● **REQUIRED WORK**
Looking at the entries below, how many lines include the word "Jackets"? Answer with the number alone.

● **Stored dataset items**
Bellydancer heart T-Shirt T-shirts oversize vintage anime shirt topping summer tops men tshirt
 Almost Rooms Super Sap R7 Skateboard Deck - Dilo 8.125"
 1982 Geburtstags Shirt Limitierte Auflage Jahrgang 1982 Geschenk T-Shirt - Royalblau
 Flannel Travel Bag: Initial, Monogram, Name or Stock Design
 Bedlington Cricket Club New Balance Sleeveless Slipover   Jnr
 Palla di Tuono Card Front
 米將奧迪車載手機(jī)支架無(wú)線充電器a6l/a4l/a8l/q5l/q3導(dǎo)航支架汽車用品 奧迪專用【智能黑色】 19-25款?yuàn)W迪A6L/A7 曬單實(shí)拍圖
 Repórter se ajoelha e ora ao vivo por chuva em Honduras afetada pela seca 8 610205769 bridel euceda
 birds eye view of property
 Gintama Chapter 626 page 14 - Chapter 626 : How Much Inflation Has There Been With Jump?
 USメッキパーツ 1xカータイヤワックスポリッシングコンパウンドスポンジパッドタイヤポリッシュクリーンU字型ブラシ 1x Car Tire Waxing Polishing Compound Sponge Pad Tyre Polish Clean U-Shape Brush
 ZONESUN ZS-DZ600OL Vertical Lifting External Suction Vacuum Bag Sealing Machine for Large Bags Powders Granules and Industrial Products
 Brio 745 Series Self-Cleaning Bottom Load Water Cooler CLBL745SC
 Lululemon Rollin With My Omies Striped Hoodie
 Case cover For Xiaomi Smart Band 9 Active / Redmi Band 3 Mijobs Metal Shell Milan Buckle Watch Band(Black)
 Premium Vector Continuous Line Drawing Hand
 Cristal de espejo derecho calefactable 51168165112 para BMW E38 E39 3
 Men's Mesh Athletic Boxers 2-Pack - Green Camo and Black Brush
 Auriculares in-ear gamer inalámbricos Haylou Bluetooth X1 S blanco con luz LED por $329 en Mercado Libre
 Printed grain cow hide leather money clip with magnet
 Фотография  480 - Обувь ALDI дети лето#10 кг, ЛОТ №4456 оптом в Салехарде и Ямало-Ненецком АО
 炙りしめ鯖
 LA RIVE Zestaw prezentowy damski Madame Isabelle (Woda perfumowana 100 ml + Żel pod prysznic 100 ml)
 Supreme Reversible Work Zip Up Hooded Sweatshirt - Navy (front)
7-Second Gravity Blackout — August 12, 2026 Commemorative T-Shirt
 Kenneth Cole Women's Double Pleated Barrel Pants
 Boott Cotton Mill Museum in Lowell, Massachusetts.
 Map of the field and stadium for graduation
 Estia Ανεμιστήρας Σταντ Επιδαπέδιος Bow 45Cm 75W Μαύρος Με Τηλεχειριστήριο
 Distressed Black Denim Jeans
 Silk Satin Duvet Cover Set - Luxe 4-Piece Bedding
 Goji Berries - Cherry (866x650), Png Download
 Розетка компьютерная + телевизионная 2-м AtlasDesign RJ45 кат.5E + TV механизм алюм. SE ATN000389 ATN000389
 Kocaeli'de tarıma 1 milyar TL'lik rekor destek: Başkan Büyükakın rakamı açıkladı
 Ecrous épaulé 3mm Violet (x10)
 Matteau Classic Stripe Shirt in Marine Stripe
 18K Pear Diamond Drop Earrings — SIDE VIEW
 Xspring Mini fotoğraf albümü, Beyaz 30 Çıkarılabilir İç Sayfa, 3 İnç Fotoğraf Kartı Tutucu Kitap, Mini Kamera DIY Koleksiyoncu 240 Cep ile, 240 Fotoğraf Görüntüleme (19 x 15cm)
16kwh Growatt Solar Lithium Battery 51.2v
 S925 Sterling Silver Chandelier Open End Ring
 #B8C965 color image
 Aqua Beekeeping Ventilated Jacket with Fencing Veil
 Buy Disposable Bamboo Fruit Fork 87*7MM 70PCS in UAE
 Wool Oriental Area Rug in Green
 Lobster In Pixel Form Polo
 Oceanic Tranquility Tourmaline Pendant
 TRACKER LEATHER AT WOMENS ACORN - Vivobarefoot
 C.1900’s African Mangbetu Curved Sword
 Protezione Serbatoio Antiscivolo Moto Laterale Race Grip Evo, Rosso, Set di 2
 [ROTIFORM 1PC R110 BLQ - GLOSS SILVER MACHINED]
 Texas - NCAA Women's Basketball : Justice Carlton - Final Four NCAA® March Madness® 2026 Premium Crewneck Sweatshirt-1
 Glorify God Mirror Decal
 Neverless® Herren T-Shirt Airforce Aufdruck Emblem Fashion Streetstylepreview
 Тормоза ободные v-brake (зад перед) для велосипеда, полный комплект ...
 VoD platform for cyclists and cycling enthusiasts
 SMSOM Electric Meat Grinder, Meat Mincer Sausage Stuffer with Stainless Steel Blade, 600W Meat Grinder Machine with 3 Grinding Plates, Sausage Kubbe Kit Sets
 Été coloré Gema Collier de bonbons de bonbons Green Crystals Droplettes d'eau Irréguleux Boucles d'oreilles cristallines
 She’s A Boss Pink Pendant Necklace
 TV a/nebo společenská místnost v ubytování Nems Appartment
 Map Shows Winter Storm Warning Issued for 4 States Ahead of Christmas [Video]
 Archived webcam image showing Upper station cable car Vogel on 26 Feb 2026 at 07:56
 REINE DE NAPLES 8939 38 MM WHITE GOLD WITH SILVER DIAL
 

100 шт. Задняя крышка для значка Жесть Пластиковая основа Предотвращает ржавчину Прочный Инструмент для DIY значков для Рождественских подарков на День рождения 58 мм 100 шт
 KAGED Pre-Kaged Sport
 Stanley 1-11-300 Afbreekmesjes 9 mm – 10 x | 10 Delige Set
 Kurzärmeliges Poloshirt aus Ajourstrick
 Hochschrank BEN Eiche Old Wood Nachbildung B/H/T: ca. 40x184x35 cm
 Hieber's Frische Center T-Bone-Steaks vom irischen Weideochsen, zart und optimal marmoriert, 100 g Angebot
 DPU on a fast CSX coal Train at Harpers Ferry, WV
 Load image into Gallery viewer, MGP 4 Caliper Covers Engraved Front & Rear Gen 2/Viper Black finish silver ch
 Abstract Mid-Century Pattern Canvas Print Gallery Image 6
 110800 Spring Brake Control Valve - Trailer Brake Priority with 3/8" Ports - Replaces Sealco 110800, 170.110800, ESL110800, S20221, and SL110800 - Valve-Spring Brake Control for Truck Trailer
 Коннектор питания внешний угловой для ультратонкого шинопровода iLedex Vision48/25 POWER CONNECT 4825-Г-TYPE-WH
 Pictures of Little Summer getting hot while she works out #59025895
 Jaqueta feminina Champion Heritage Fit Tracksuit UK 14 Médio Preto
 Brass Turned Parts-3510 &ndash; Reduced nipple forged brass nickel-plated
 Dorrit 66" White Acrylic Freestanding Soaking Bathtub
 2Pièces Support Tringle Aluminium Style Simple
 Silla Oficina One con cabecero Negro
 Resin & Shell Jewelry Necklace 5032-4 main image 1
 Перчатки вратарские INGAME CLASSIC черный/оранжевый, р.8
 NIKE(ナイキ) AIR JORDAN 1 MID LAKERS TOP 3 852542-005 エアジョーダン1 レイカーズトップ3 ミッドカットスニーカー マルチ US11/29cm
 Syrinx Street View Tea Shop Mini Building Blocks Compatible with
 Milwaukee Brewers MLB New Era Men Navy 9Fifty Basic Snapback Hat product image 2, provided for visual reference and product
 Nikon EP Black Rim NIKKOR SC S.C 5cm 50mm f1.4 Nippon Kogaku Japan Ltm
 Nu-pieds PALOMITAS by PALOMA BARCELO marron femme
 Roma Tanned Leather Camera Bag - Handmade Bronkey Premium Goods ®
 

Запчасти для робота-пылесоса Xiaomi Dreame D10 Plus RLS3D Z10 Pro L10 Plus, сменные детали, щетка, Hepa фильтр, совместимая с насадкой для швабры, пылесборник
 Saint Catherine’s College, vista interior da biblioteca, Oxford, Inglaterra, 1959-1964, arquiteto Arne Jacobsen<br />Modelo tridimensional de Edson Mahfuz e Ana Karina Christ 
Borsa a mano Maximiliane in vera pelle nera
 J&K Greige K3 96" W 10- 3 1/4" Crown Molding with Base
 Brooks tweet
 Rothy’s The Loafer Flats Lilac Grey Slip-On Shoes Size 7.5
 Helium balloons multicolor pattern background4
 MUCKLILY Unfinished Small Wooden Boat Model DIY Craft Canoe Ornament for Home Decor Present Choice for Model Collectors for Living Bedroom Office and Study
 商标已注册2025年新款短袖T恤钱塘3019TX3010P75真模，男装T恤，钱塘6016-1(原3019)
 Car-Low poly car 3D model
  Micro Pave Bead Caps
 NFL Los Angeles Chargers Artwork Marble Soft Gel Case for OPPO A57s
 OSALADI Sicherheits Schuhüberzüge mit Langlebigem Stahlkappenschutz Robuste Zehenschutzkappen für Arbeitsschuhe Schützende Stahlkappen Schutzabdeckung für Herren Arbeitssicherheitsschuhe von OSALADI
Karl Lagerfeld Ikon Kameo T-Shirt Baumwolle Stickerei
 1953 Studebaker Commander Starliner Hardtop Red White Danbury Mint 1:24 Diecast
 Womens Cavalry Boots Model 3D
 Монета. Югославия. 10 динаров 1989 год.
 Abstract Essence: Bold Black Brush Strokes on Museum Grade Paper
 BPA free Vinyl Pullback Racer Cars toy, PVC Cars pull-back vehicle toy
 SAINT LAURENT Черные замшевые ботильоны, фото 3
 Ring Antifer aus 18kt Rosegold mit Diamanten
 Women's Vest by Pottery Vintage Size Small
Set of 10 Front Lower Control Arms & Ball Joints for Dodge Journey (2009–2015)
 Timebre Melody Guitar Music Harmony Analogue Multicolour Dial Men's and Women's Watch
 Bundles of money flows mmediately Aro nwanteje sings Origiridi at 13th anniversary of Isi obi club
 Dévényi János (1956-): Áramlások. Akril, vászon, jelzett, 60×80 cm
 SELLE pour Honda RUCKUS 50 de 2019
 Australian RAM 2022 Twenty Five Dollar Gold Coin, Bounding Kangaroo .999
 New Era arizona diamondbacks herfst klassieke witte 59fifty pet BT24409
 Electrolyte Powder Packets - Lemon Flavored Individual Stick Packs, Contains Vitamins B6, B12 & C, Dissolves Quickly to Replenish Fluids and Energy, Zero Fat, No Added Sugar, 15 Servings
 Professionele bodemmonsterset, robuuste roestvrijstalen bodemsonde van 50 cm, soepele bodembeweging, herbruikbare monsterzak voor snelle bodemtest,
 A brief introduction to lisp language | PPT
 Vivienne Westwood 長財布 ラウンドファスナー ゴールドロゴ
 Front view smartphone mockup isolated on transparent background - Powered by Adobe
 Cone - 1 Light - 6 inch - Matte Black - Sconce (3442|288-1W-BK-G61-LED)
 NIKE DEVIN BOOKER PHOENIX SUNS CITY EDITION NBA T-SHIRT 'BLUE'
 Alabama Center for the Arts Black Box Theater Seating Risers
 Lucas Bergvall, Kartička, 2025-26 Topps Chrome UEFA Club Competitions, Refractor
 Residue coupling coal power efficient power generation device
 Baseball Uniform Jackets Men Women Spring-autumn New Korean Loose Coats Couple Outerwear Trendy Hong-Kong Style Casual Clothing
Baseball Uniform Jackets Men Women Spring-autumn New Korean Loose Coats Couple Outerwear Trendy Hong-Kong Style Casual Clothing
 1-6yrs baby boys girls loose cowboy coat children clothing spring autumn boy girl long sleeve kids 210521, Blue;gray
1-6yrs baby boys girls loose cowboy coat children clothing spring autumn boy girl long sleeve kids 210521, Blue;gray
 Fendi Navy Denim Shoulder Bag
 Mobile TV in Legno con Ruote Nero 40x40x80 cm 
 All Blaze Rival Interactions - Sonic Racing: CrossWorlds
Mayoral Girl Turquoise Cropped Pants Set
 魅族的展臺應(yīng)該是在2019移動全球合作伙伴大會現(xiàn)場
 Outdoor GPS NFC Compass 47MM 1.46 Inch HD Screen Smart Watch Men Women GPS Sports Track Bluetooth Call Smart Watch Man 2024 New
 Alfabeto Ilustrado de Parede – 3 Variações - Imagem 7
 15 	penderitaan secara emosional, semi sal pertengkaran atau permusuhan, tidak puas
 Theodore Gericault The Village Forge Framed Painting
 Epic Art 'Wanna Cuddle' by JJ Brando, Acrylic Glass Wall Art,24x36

● **TASK SOLUTION**
2